The evidence reasonably supports the conclusion that the Leslies recklessly deprived
the animals of necessary sustenance or confined the animals without supplying them
with a sufficient quantity of good wholesome food and water. Having heard the
testimony and having observed the demeanor of the witnesses, the trial court could
choose to believe all, part, or none of the testimony presented by any of these
Hocking App. Nos. 10CA17 & 10CA18 11
witnesses. State v. Parish, Washington App. Nos. 05CA14 & 05CA15, 2005-Ohio-
7109, at ¶15.
{¶22} The trial court discredited some of Ricketts’ testimony, such as her claim
that the Leslies had the animals for a year before the humane society took them and
that the pasture grass was dead. The court concluded the pasture had “rather short”
grass and also recognized evidence of other food the Leslies had, such as some grain
and hay. The court also noted that “there seems to be agreement to some degree that
the animals were not in particularly good shape” when the Leslies took them.

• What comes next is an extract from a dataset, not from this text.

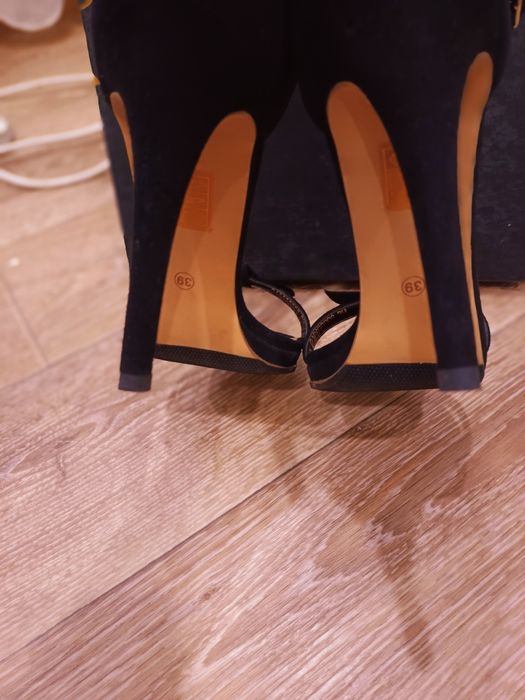 Love Republic босоніжки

Nonetheless, the court concluded that the animals were starved when the humane
society took them. The court found the testimony of Stevelt and Harvey credible. Both
testified about the animals’ poor condition when the humane society seized them.
Stevelt testified that once he observed (via photographic evidence) the animals’ rapid
weight gain under the humane society’s care, which only involved worming and regular
feeding, his initial suspicion that the couple starved the animals was confirmed.
Moreover, the court was free to discredit Mrs. Leslie’s testimony that the couple fed
these emaciated animals an over five-foot high pasture of grass and barn full of hay.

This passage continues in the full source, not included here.